Both extremes in the climate debate have selective vision. But the alarmist side is a bit more comical about it–it’s as if they have to have a therapy session (maybe led by Stephan Lewandowsky) before they can agree on a response. In this they are like sheep, easily led to a single point of view which they then defend with all the resources they can muster.

However, perhaps their attention is on another story–the resurgence of the population of polar bears on the other end of the planet. Bishop Hill calls our attention to the story as given by scientist Susan Crockford. The population range is now given as between 20,129 and 32,558, with a mid-point of 26,344. Last time they checked it was 25,000.

Certainly the Guardian is interested enough to write a story.  Of course, their story isn’t about the recovery of the polar bear population. In fact, they don’t mention it (although they do give the new figure). The headline of their story is ‘Climate change is single biggest threat to polar bear survival.’

Which is not true. The single biggest threat to their survival is hunting.

If it is true that 2015 will see the hottest average temperature since 1850–if it is true that 14 of the warmest 15 years have happened this century–if it is true that the environment populated by polar bears is undergoing dramatic change due to temperature rises–then what are we to make of a significant rise in their population?

Perhaps we should consider the possibility that polar bears, smart as well as savage, have within their ursine minds the ability to adapt successfully to a changing climate, as they have done repeatedly in the past.

Perhaps we should wonder if the Guardian’s reporters are as adaptable as polar bears. They continue to write the same story regardless of changing facts on the ground.

news-media-manipulation

 

17 responses to “Polar Bears, Antarctic Ice and The Silence of the Lambs

  1. I have always doubted the meme about Greenland and Antarctica “losing ice” under various global warming scenarios. A warmer world is by nature a more humid world and polar regions are the driest of deserts. There are bone dry places in Antarctica that have not seen snow in tens of thousands of years. Most of the volume lost in the Antarctic is due to sublimation (the transformation of a solid to a gas without passing through the liquid state).

    So what happens to a very cold dry place when you start pumping humidity into it? See for yourself by leaving the door to your freezer open by a quarter of an inch.

    Now we hear from NASA that Antarctica is gaining ice. We have to wonder whether this new knowledge made it into Tasmin Edwards study.

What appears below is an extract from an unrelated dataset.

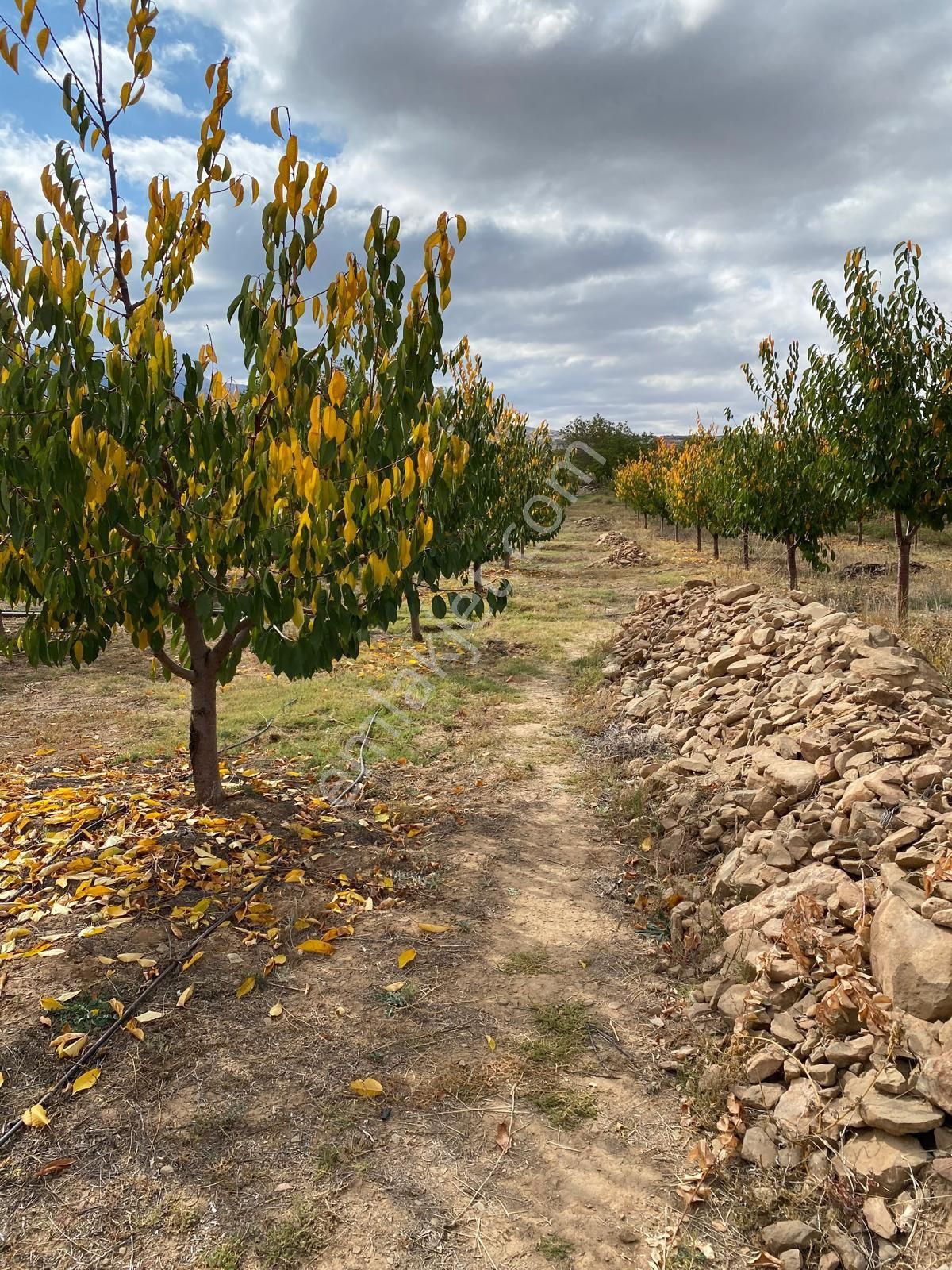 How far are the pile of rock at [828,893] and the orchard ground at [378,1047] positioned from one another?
0.93 ft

    So where is sea level rise coming from? Thermal expansion, yes. But the IPCC still sweeps the major contributing factor under the rug – aquifer depletion and the draining of lakes and wetlands.

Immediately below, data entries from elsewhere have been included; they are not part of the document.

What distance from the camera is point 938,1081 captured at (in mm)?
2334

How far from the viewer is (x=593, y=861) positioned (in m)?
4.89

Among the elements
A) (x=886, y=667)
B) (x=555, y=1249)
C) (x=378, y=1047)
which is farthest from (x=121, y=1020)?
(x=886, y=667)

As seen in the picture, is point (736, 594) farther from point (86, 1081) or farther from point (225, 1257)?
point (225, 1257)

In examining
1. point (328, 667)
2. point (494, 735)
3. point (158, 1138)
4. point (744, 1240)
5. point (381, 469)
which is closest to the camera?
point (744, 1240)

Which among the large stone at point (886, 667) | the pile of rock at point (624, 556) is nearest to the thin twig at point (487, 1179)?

    • Interesting point about aquifer depletion. The only other time I saw that discussed (Collide a Scape?) somebody from the alarmist camp maintained that it was equal to the amount of water stored behind dams. I have no idea if that’s even close to true, but… have you seen studies on this?

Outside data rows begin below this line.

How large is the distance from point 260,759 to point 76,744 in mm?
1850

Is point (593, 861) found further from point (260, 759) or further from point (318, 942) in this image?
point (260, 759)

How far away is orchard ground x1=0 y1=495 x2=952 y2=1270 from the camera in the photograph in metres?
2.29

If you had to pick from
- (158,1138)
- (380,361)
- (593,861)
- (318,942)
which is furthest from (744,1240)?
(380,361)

      • Here is a primer… Source found for missing water in sea-level rise

        “During the latter half of the twentieth century, global sea level rose by about 1.8 millimetres per year, according to data from tide gauges. The combined contribution from heating of the oceans, which makes the water expand, along with melting of ice caps and glaciers, is estimated to be 1.1 millimetres per year, which leaves some 0.7 millimetres per year unaccounted for. This gap has been considered an important missing piece of the puzzle in estimates for past and current sea-level changes and for projections of future rises.

        It now seems that the effects of human water use on land could fill that gap. A team of researchers reports in Nature Geoscience that land-based water storage could account for 0.77 millimetres per year, or 42%, of the observed sea-level rise between 1961 and 2003. Of that amount, the extraction of groundwater for irrigation and home and industrial use, with subsequent run-off to rivers and eventually to the oceans, represents the bulk of the contribution.”

        One of the things that is almost never accounted for is what I call the “dimpling effect”. Everywhere around the globe, cities are pumping water out of shallow aquifers that are normally recharged by rains – but the pumping accelerates the discharge of the aquifers – in effect, dimpling them so that each aquifer on average holds less water. That water then has to go somewhere – into the air and eventually into the sea.

        A couple of years ago, Minnesota Public Radio went into (well-funded) hysterics over the fact that climate-change was raising the regional humidity thus causing all kinds of nasty problems… it never occurred to them (or perhaps to their sustainability coverage funders) that it might be the Oglalla Aquifer sailing over our heads from all the irrigated corn out west.

      • Tom, I should have included this paragraph from the article because it speaks directly to your question.

        “Depletion of groundwater reserves has more than doubled in recent decades as a result of population growth and the increased demand on groundwater reservoirs for drinking water and the irrigation of croplands. Most of the water pumped up from deep pools is not replenished; it evaporates into the air or flows into river channels, feeding into the seas. Artificial reservoirs, such as the Hoover Dam on the Colorado River and the Three Gorges Dam on the Yangtze River in China, have the opposite effect, locking up water that would otherwise flow into the seas. Scientists once speculated that the effects cancelled each other out, but this study and other recent ones have shown that groundwater depletion has a larger net effect.

      • Wow. I was actually going to start looking for this information. Thanks! But it’s still millimeters on a global scale, right?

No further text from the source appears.